Aussi, je propose que l’Etat utilise son influence dans le capital de Vallourec pour imposer soit la reprise de l’usine soit sa transmission à un repreneur avec les garanties suffisantes. L’Etat pourrait tout à fait avancer un prêt remboursable pour recapitaliser l’entreprise. Rappelons que l’opération menée pour sauver Peugeot a finalement rapporté de l’argent à l’Etat !

Mais, et c’est le cœur du problème, la France n’a plus de stratégie industrielle. Au plan européen, les gouvernements PS, UMP, LREM successifs ont approuvé les directives visant à libéraliser l’économie, à supprimer les entraves à la fameuse concurrence libre et non-faussée, à organiser le retrait de l’Etat de son rôle de régulateur et de planificateur de l’industrie. Au niveau international, la France et l’UE ont accepté, et ce fut un drame, l’adhésion de la Chine à l’Organisation Mondiale du Commerce et ont accepté de lui accorder le titre d’économie de marché. Forte de son Etat communiste, dirigiste et interventionniste, la Chine a faussé la fameuse « concurrence libre » pendant que l’UE abandonnait sa doctrine de préférence communautaire. L’Union Européenne, née du protectionnisme et de la planification de l’acier et du charbon grâce à la CECA, refuse aujourd’hui de se défendre face aux assauts des Etats-Unis et de la Chine. En signant des accords de « libre-échange » et des accords d’investissement, l’UE multiplie les renoncements alors que tous les pays du monde renforcent leurs législations pour protéger leurs industries des investisseurs extérieurs.
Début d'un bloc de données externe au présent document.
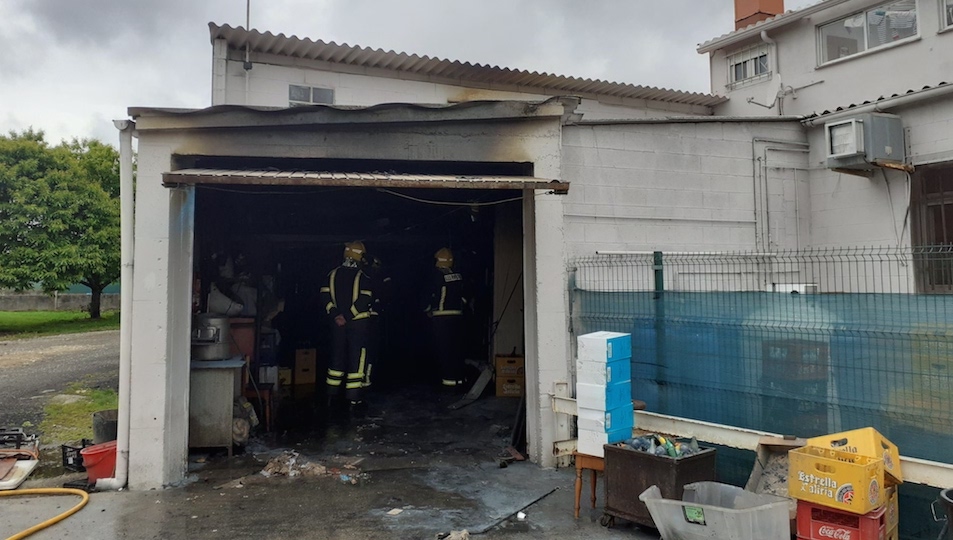Incendio nun cobertizo en Nanton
Depuis la fermeture de Whirlpool à Amiens, Emmanuel Macron a démontré son désintérêt pour l’industrie qu’il a trahie en cédant Alstom aux Américains, nos trains aux Allemands et nos chantiers navals aux Italiens. Le président, on le sait, n’a d’yeux que pour les banquiers. Pas étonnant avec une telle stratégie que la croissance ralentisse et que le chômage ne baisse pas.
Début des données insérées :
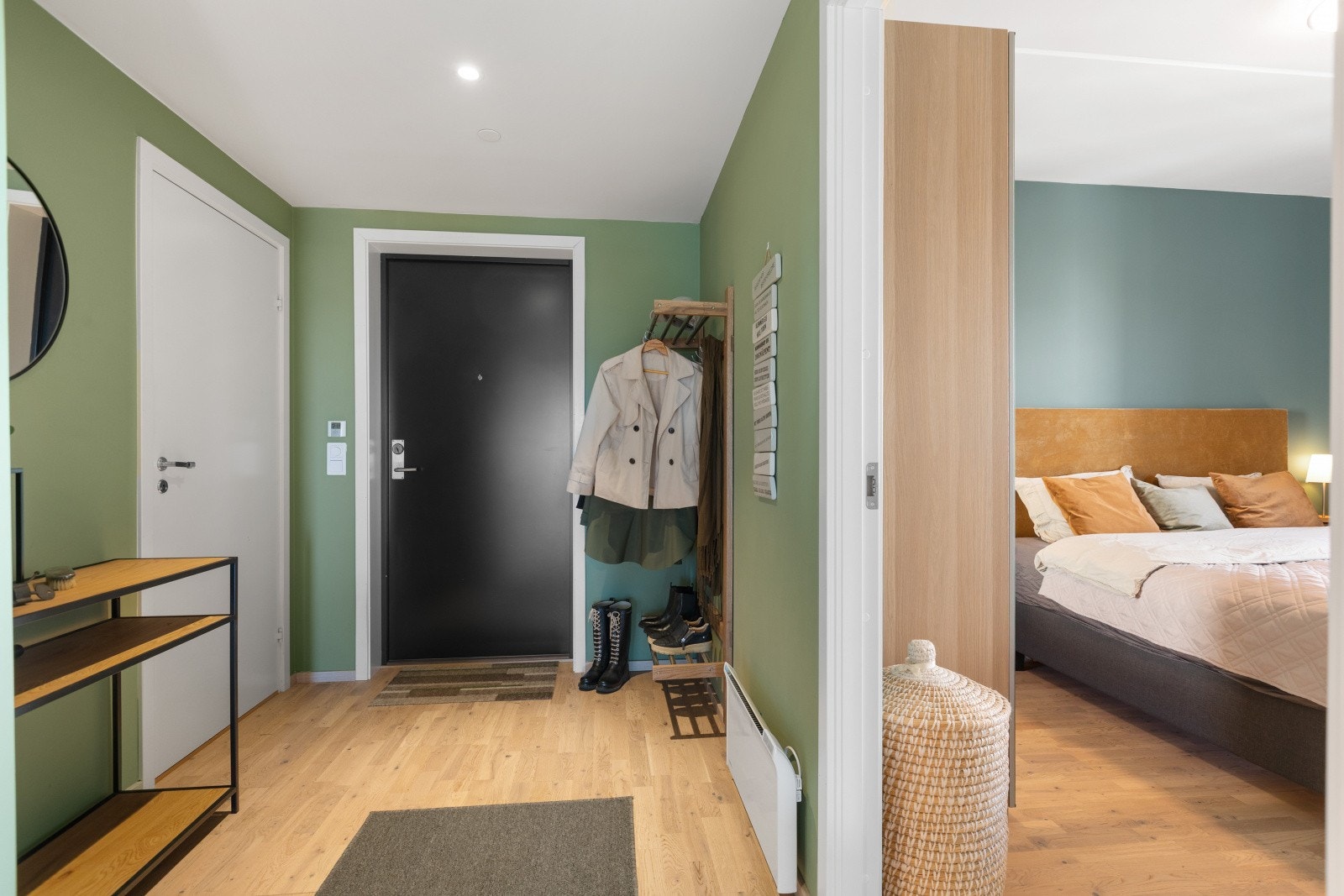 Det er vannbåren gulvvarme i gulvene i entre/gang, stuen og kjøkkenet. Galleribilde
Il y a urgence à refonder une politique industrielle française ambitieuse. Il faut encourager les entreprises à investir en France en réduisant l’impôt de moitié pour les bénéfices réinvestis en France. Il faut baisser massivement les charges sur les PME industrielles qui créent de l’emploi et protéger nos marchés de la concurrence déloyale. Il faut remettre les métiers manuels et industriels au cœur de l’éducation nationale pour former les génies des mains de demain. Enfin, l’Europe doit se concentrer sur les grands projets de rupture technologique.

Ascoval est un désaveu dramatique de la politique d’Emmanuel Macron car il démontre que la « pensée complexe » du Président se fonde sur un postulat qui n’existe pas, dans une mondialisation sauvage et agressive et ne permet en aucun cas d’assurer le redressement économique de la France. Emmanuel Macron fait face à une de ses incohérences majeures : lui qui vante la mondialisation, qui en bénéficie, qui y est intégré ne sait finalement pas comment le monde d’aujourd’hui fonctionne et n’en perçoit ni les problématiques ni les enjeux.

Au contraire, la politique industrielle que je porte avec Debout la France est la seule capable de faire gagner notre pays dans la mondialisation et le XXIème siècle.